0

My question is how to use the principal components obtained using R.

Once you get the principal components, how do we use it to reduce the dimensions? I have a data_set containing 6 variables, I need to cluster it using k-means. K-means gives me a scattered plot when I do the clustering on 6 variables. I thought pca could help to reduce the dimensions, and so k-means could produce fruitful results.

I did this to get the principal components:

pca1 <- prcomp(data_set)

Please guide me as to how to proceed further to reduce the dimensionality of the data set.

Grimthorr
  • 6,856
  • 5
  • 41
  • 53
N2M
  • 199
  • 1
  • 15
  • The first 2 or 3 components will give you a 2D or 3D representation of your data. Work on those first few components to get the dimension reduction. – Roman Luštrik Sep 16 '13 at 09:15
  • Instead of PCA you can use SVD and get the same results.

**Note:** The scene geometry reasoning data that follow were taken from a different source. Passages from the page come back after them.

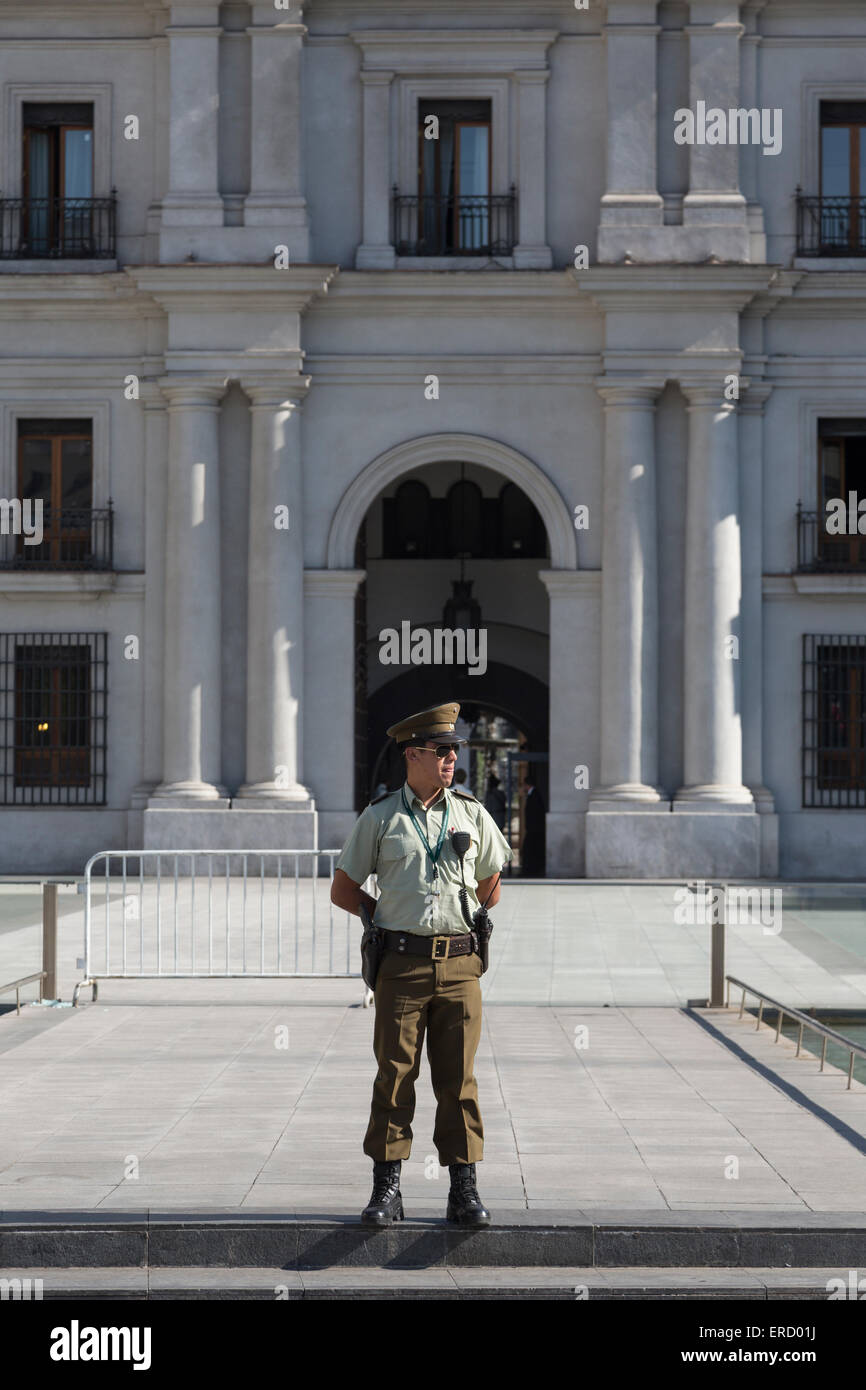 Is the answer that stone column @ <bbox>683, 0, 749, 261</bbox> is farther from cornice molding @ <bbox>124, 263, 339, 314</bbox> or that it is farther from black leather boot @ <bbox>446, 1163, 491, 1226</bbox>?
black leather boot @ <bbox>446, 1163, 491, 1226</bbox>

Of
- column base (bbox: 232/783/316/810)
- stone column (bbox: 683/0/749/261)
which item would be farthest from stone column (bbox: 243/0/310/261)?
column base (bbox: 232/783/316/810)

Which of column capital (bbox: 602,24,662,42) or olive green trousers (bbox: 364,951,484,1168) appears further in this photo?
column capital (bbox: 602,24,662,42)

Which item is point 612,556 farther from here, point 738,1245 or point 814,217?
point 738,1245

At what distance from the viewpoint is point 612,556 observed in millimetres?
25719

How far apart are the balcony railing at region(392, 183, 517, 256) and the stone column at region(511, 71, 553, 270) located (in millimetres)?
200

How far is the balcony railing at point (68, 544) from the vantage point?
87.1 feet

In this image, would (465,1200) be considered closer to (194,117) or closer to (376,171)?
(376,171)

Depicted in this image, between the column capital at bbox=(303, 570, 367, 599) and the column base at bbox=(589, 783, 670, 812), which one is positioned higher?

You can later plot the eigen values, – user1436187 Sep 16 '13 at 11:18

1 Answers1

1

you can find the values you get from a function if you type for example ?prcomp this is what i used to do using another package:

library("FactoMineR")

pca <- PCA(dataset, scale.unit=TRUE, graph=FALSE)

scores <- data.frame(pca$ind$coord)

library(ggplot2)

ggplot(scores,aes(Dim.1,Dim.2)) + geom_text(label=rownames(scores),colour="red") + geom_hline(yintercept=0) + geom_vline(xintercept=0) + labs(title="Score plot")

you get the plot for the scores according to PC1 and PC2, and the same if you want the loadings plot

loadings <- data.frame(pca$var$coord)